Nascido em 1944, em Colônia, Kier estreou no cinema ainda jovem, no curta Road to Saint Tropez (1966). A partir daí construiu uma trajetória intensa e multifacetada, marcada por papéis ousados e personagens excêntricos. Tornou-se mundialmente reconhecido pelos filmes Carne para Frankenstein (1973) e Sangue para Drácula (1974), dirigidos por Paul Morrissey e produzidos por Andy Warhol. Em entrevista ao Estadão em 2019, relembrou o impacto daquele momento: “Se o Andy Warhol estiver certo, estes são os meus 15 minutos de fama, e eles acabam agora”, disse, entre risos.
Logo depois, recebeu o convite para interpretar Drácula — desafio que veio acompanhado de uma exigência extrema: perder nove quilos em uma semana. “Vivi à base de água e alface, mal conseguia me levantar da cadeira. Mas fiz”, contou. Para ele, o ofício de ator era justamente isso: atravessar mundos, descobrir realidades e se reinventar.

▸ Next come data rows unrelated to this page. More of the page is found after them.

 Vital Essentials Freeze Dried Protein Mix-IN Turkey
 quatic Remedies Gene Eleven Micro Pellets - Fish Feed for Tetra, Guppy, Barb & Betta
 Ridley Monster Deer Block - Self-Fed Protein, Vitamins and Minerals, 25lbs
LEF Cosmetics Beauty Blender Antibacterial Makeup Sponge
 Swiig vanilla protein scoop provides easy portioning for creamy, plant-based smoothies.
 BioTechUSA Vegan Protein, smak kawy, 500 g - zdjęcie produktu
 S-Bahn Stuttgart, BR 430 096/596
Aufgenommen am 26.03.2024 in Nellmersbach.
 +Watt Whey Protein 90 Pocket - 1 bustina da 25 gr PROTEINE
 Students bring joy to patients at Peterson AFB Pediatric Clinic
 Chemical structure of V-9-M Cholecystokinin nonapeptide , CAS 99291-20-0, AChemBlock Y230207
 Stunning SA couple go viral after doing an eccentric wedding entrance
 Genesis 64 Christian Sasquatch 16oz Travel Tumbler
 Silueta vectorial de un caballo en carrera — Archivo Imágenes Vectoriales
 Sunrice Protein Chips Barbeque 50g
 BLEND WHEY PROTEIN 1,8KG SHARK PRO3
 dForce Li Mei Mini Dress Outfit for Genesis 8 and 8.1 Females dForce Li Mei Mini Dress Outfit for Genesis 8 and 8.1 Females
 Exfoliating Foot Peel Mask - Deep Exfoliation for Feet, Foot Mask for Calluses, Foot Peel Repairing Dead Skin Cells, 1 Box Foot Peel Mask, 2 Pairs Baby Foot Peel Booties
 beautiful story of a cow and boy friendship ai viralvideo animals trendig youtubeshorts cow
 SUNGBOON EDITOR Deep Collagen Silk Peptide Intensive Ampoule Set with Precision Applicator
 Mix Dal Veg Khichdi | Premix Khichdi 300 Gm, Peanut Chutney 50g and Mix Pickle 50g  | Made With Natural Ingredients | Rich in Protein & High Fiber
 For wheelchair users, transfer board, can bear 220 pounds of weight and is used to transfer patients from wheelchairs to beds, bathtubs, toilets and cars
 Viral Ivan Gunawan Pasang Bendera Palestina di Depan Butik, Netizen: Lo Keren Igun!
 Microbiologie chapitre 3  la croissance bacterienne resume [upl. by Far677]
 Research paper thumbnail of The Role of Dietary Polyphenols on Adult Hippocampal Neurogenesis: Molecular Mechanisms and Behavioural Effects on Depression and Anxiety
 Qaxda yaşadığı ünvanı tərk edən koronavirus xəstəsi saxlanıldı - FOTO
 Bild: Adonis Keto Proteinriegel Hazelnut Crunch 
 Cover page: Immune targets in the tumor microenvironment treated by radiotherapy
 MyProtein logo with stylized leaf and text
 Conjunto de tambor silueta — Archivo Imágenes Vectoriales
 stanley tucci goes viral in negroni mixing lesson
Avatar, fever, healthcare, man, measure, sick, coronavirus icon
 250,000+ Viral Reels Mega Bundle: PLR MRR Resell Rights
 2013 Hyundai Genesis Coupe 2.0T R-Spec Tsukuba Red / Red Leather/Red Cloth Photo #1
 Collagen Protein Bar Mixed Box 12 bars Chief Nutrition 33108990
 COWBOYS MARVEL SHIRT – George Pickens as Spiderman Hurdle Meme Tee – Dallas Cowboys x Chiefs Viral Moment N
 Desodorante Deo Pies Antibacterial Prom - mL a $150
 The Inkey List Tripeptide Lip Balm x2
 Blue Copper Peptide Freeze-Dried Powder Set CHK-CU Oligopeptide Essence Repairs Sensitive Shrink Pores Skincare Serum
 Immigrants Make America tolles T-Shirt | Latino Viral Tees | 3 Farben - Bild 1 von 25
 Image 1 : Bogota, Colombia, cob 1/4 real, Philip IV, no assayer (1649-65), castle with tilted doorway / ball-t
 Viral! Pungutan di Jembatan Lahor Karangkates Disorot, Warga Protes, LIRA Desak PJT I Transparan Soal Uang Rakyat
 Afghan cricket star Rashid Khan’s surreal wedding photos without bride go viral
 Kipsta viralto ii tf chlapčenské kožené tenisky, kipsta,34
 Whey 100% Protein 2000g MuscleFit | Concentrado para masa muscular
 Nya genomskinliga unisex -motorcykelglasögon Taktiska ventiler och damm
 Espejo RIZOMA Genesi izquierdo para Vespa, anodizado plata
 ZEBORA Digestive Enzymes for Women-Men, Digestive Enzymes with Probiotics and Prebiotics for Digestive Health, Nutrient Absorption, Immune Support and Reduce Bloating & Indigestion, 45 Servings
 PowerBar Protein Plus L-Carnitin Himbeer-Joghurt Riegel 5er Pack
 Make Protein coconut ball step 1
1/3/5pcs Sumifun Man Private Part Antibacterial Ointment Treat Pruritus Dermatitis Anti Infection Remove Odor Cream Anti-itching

Kier trabalhou com grandes nomes como Rainer Werner Fassbinder, Lars von Trier e Gus Van Sant, além de participar de sucessos populares como Ace Ventura: Um Detetive Diferente (1994), Blade (1998), Armageddon (1998) e as versões live-action de As Aventuras de Pinóquio (1996 e 1999), onde interpretou o vilão Lorenzini.
No Brasil, Udo Kier ganhou legiões de admiradores ao interpretar Michael, o líder de um grupo de estrangeiros em Bacurau (2019), filme de Kleber Mendonça Filho e Juliano Dornelles premiado no Festival de Cannes. A experiência mudou sua percepção sobre o país. “Foram três semanas no paraíso”, disse sobre as filmagens no sertão. Fascinado pela cultura local, afirmou ter encontrado ali “uma realidade cheia de humanidade”.
Mais recentemente, integrou o elenco de O Agente Secreto (2025), no qual interpreta um personagem inicialmente apresentado como nazista, mas que, ao longo da trama, revela ser um ex-prisioneiro de um campo de concentração. O longa brasileiro, ainda em cartaz, está cotado para o Oscar de 2026.
Intenso, versátil e dono de uma presença inconfundível, Udo Kier deixa uma marca profunda no cinema mundial — e particularmente no brasileiro, onde encontrou novos colaboradores, novos fãs e um novo lar artístico nos últimos anos. Sua morte encerra uma carreira de quase 60 anos, mas sua obra, vasta e surpreendente, segue viva para além das telas.